━━━ Extracted data ━━━
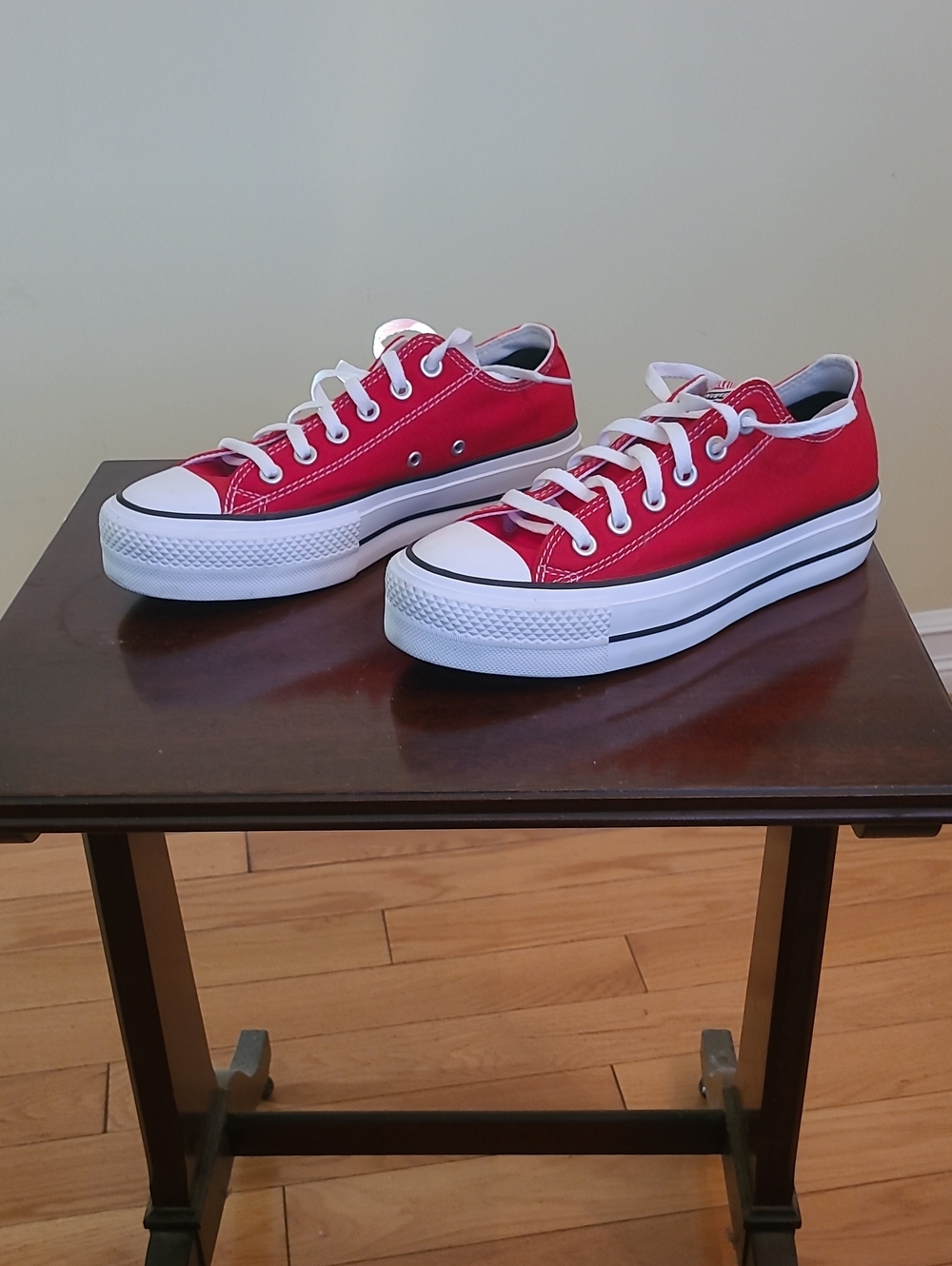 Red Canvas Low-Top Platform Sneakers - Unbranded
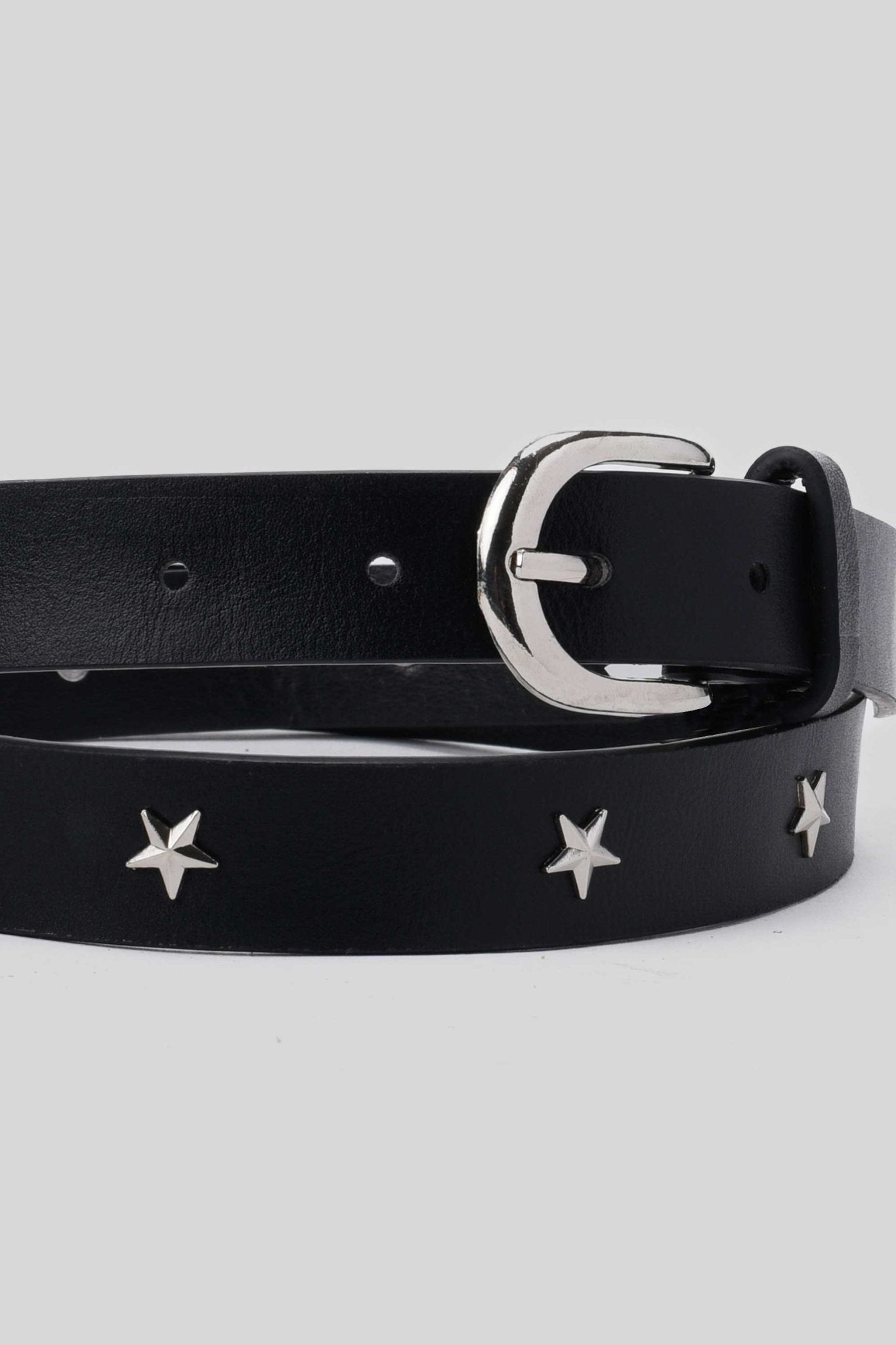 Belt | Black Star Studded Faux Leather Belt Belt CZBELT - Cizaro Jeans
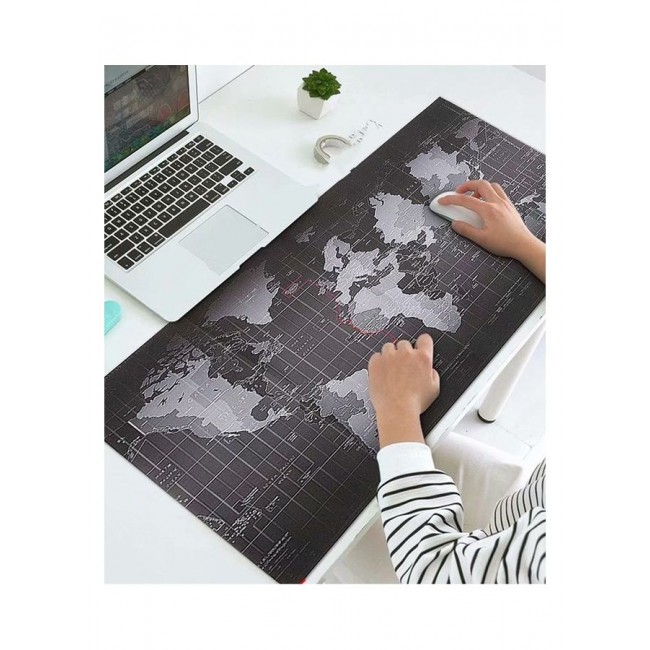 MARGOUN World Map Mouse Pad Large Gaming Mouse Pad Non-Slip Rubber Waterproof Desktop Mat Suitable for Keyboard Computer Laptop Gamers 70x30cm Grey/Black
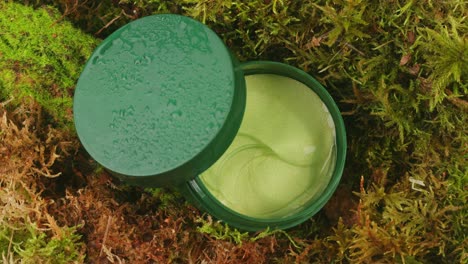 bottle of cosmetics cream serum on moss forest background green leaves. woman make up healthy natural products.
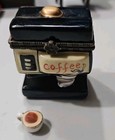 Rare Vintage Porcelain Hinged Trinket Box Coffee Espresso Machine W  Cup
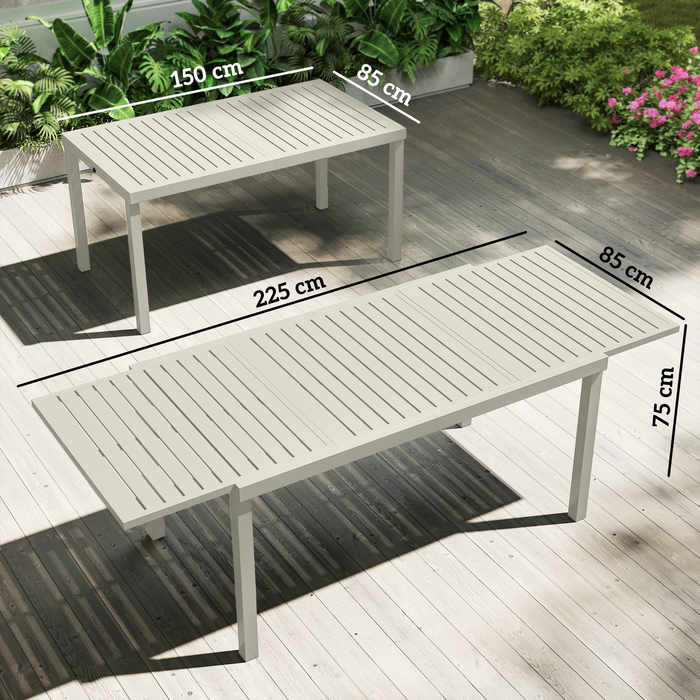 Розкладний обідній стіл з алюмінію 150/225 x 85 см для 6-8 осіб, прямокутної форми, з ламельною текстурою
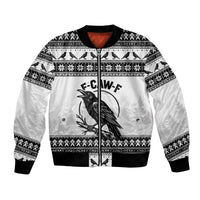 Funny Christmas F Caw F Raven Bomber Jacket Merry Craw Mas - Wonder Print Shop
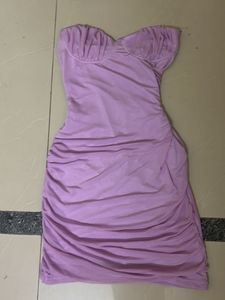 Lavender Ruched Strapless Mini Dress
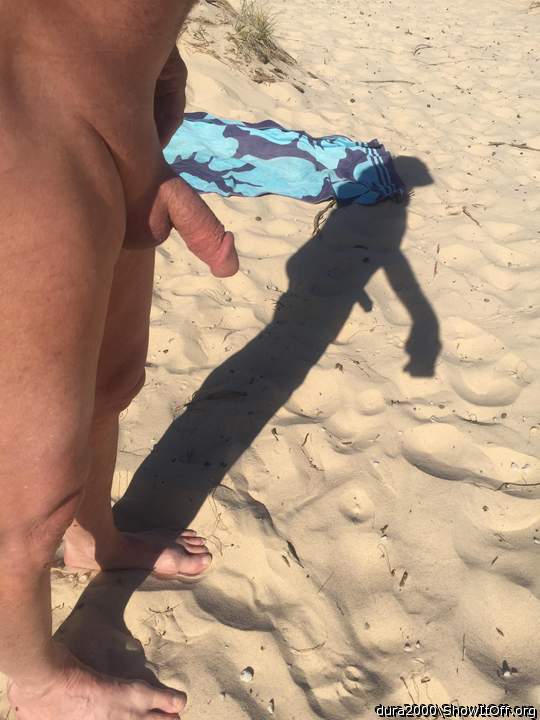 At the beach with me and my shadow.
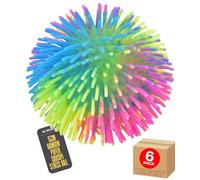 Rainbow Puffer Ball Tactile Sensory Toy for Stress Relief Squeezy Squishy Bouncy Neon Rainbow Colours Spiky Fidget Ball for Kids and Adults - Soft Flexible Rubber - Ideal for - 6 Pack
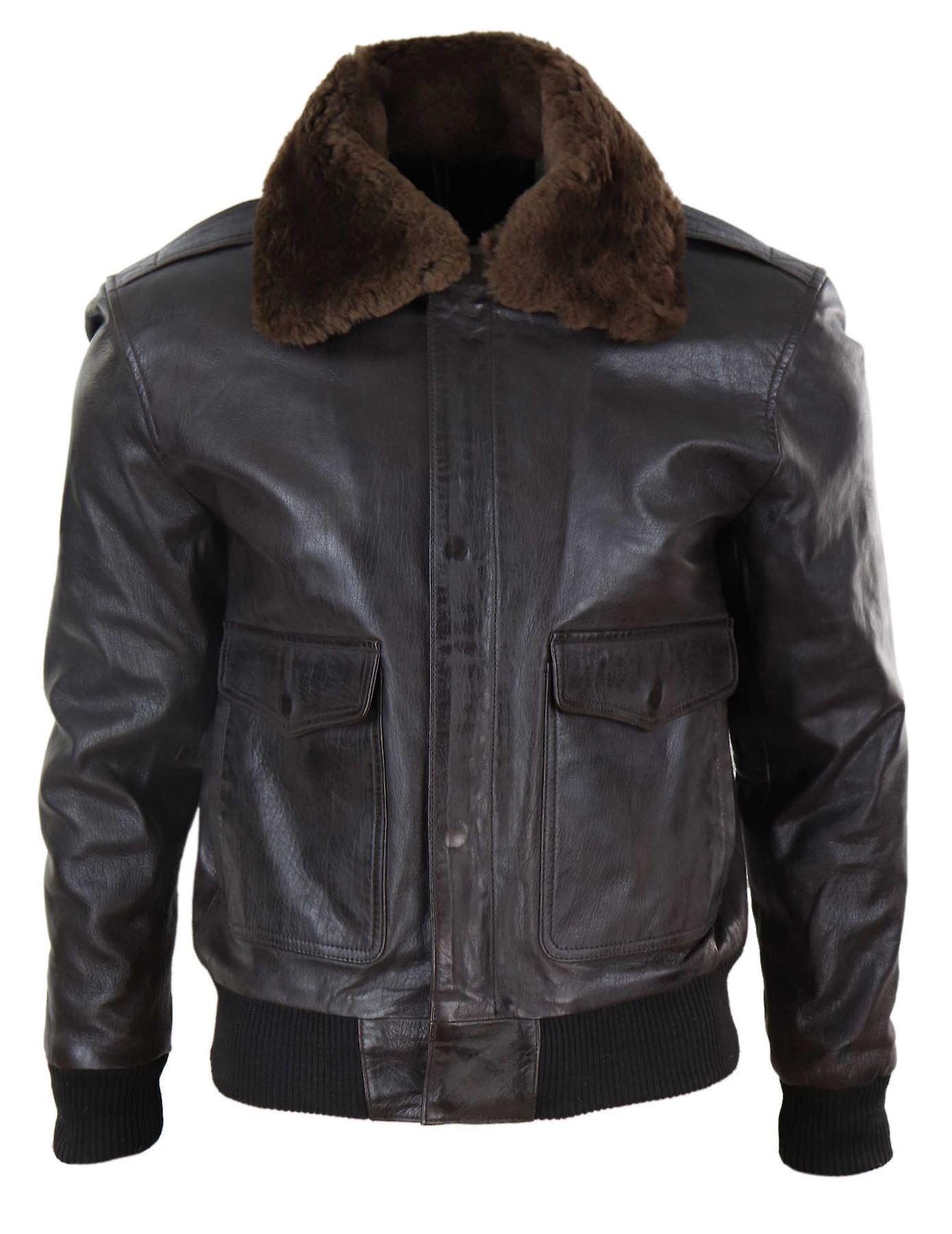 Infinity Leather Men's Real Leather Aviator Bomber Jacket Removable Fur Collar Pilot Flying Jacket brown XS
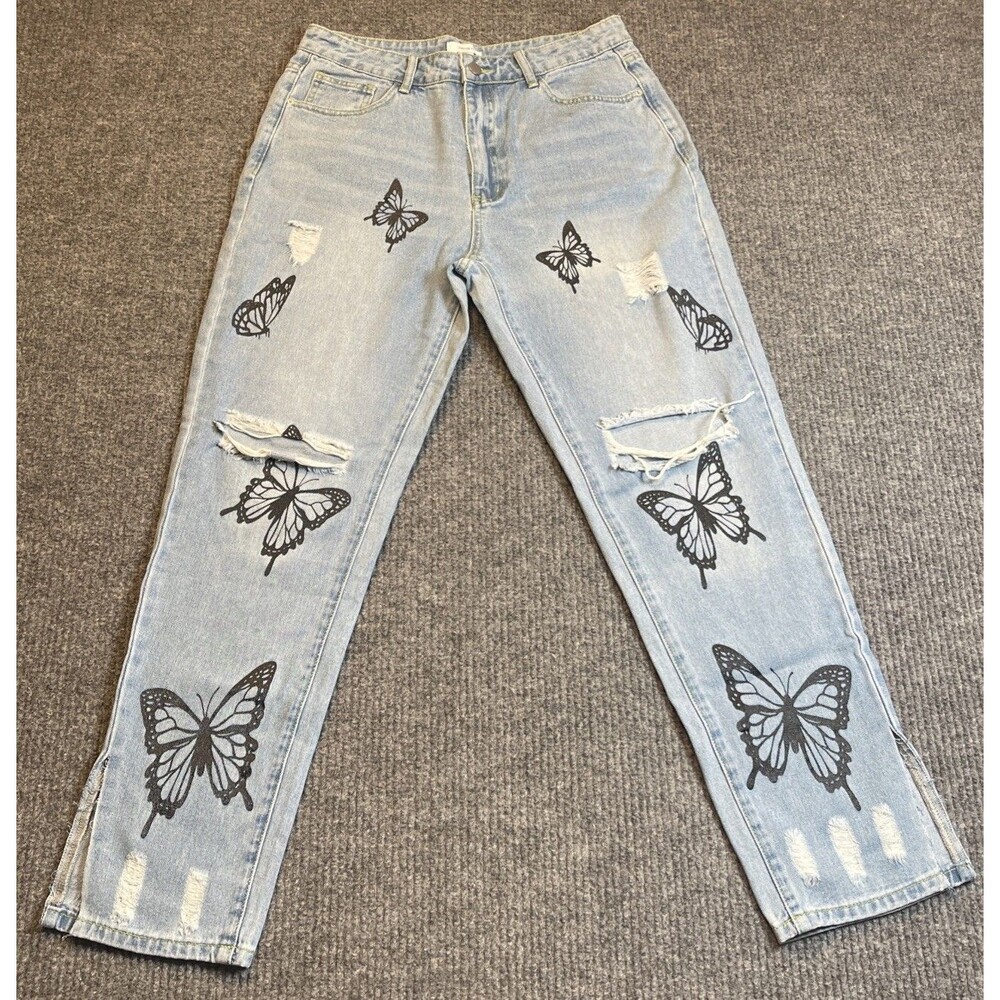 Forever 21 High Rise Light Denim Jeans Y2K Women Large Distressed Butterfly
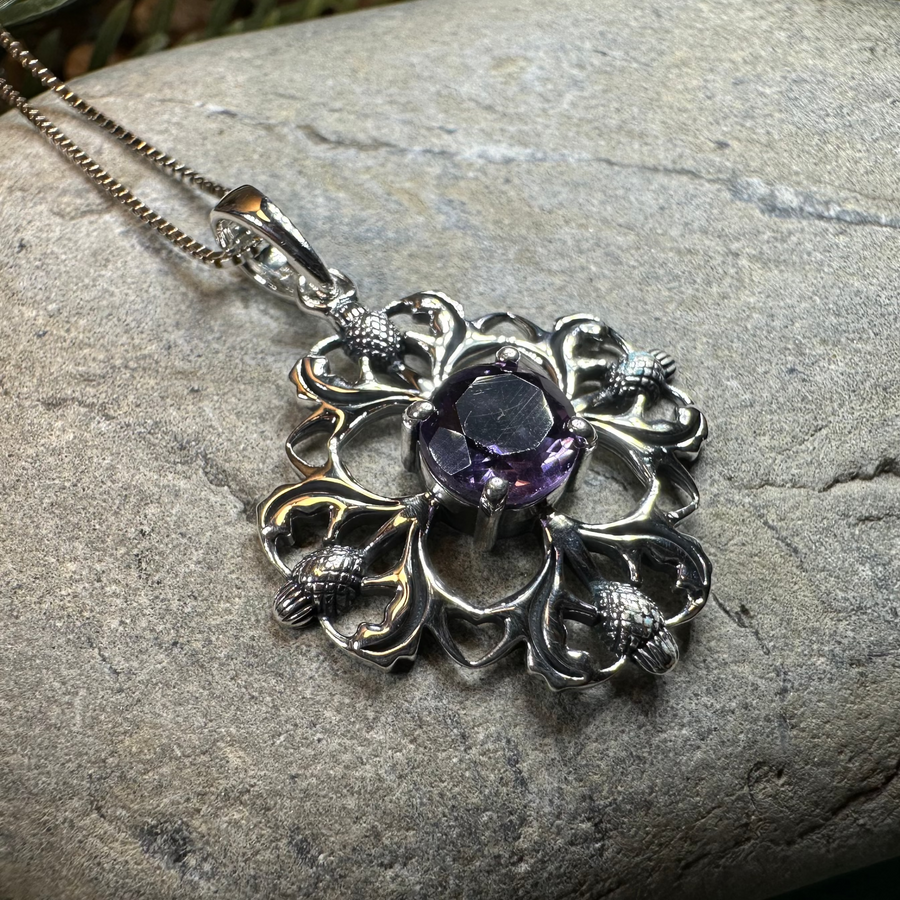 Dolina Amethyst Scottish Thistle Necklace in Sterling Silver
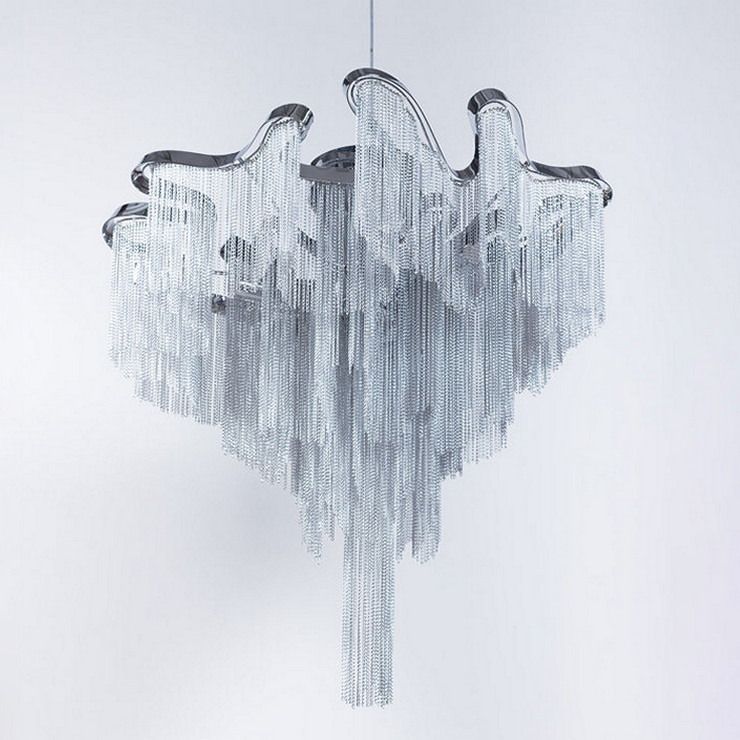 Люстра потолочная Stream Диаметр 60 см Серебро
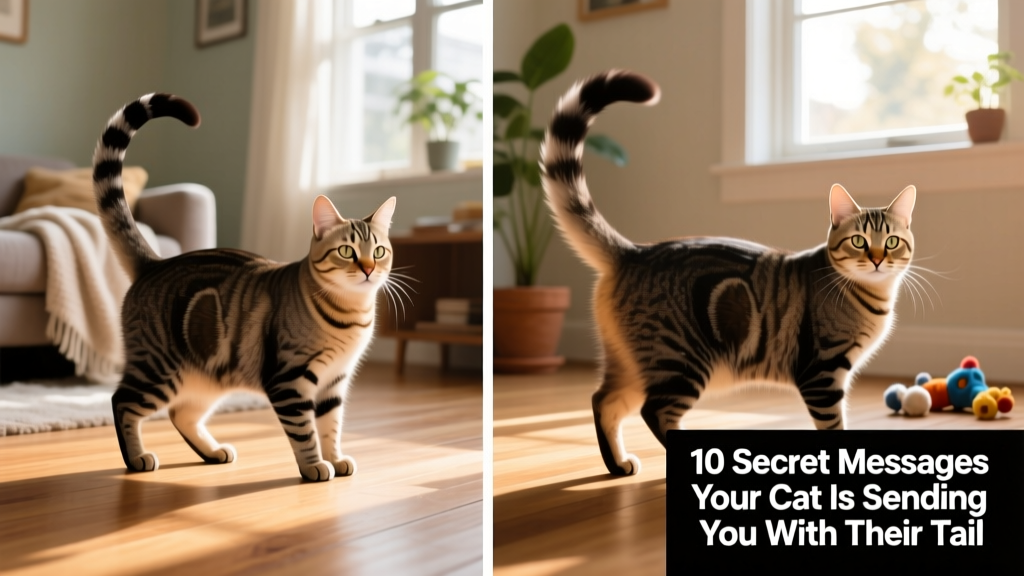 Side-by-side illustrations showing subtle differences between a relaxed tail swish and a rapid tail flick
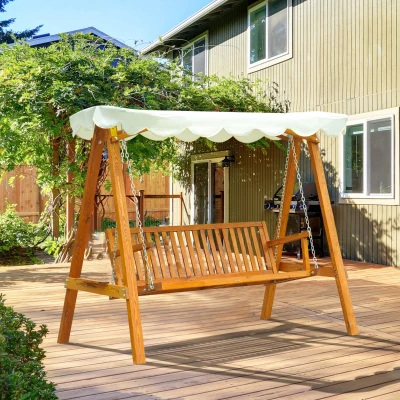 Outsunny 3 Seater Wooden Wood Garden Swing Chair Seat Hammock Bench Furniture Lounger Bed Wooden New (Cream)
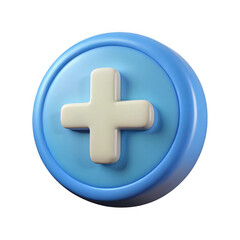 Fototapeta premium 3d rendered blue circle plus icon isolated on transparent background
━━━
◆ **Task to carry out**:
Using the entries above, transcribe exactly from the line that has "Belt | Black" through the line that has "MARGOUN World Map". Pictures are dropped.

◆ **Output for this exercise**:
 Belt | Black Star Studded Faux Leather Belt Belt CZBELT - Cizaro Jeans
 MARGOUN World Map Mouse Pad Large Gaming Mouse Pad Non-Slip Rubber Waterproof Desktop Mat Suitable for Keyboard Computer Laptop Gamers 70x30cm Grey/Black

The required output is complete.